This is really relatively bizarre, but I can in fact reproduce this on-demand in my setup. The stack is...

Error detected while processing User Autocommands for "OverseerListUpdate":
Error executing lua callback: ...r/start/overseer.nvim/lua/overseer/task_list/sidebar.lua:419: E565: Not allowed to change text or change window
stack traceback:
[C]: in function 'nvim_buf_set_lines'
...r/start/overseer.nvim/lua/overseer/task_list/sidebar.lua:419: in function 'render'
...r/start/overseer.nvim/lua/overseer/task_list/sidebar.lua:92: in function <...r/start/overseer.nvim/lua/overseer/task_list/sidebar.lua:91>
[C]: in function 'nvim_exec_autocmds'
...cker/start/overseer.nvim/lua/overseer/task_list/init.lua:14: in function 'rerender'
...verseer.nvim/lua/overseer/component/display_duration.lua:34: in function ''
vim/_editor.lua: in function <vim/_editor.lua:0>

To reproduce this... I start a long-running overseer task, so the clock will continuously update in the sidebar.

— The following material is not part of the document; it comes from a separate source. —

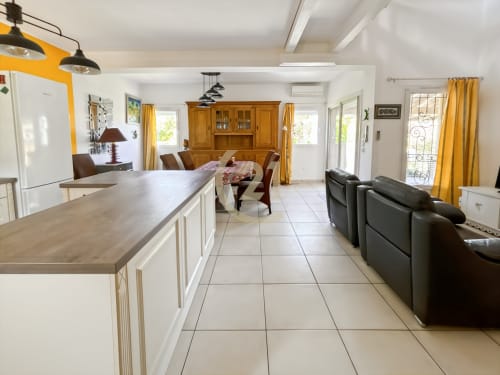 Villa moderne avec séjour décloisonné, cuisine, salle à manger et salon chez Century 21 L'Île-Rousse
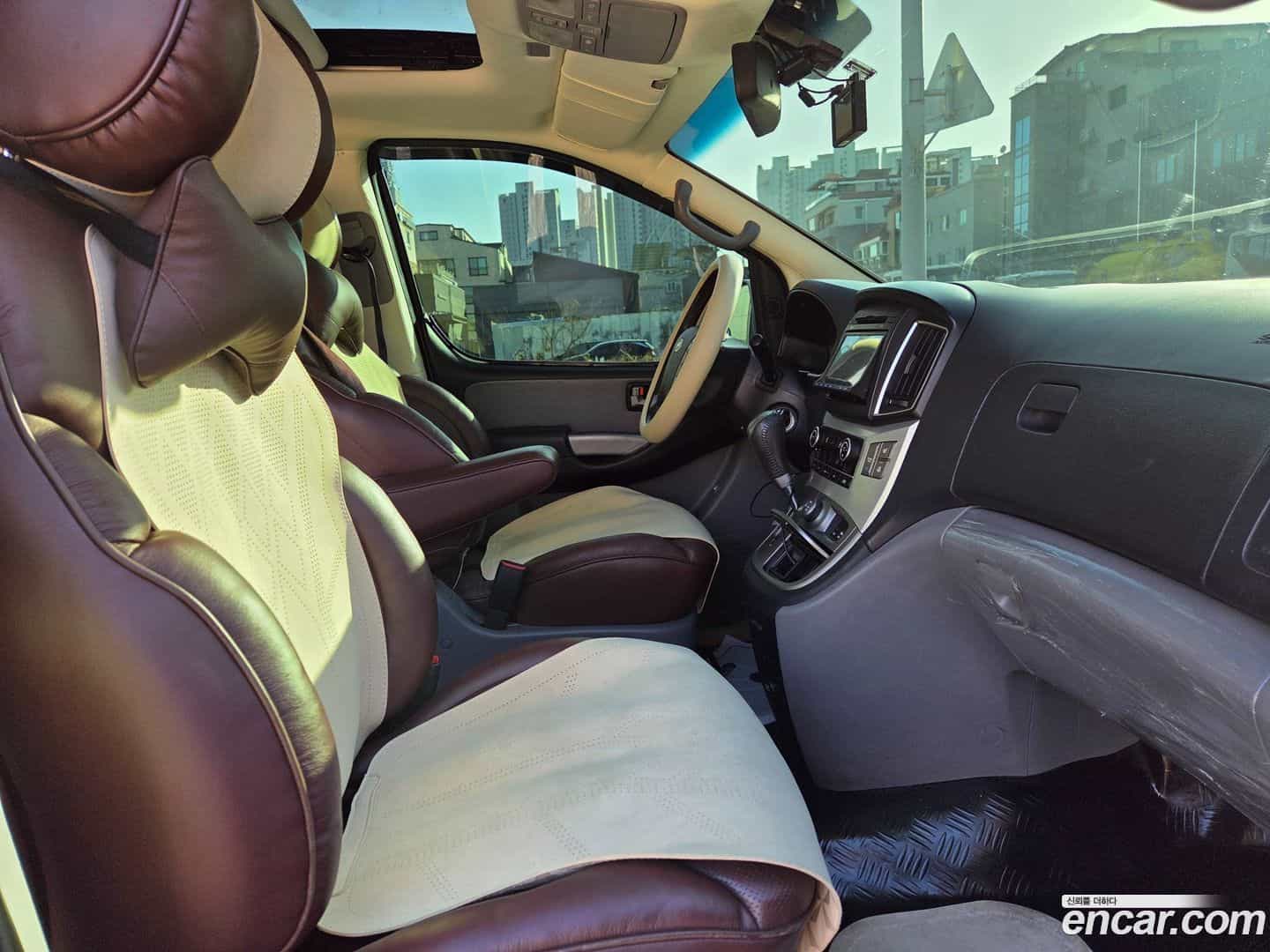 Starex Hyundai 2016.2-OPTION-016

I open the sidebar so the clock is displayed. I go to my normal buffer (not overseer) and type cr in normal mode. This triggers an abolish.vim shortcut (the full shortcut would be crs for instance to coerce the text under the cursor to snake case mode, or crc to camel case for instance).

And that triggers the error in the overseer code that executes in the background. The pcall silences it, makes the update fail, but it'll succeed the next update.

Maybe there are other set_text calls to fix, but this is one that really occurs often and so is really easy to trigger.

This is probably not the "right" fix.. So I'll understand 100% if you reject the PR. I'm not going to find the time to attempt to reproduce this on a clean setup... So if that approach doesn't work for you and you can't think of a better one.. it's maybe better to drop it. Also I guess "abolish is to blame" is likely a good answer too. But putting it out there just in case...

it's possible to get E565 when updating the buffer due to other user
activity (triggering the abolish.vim 'cr' shortcut can do that).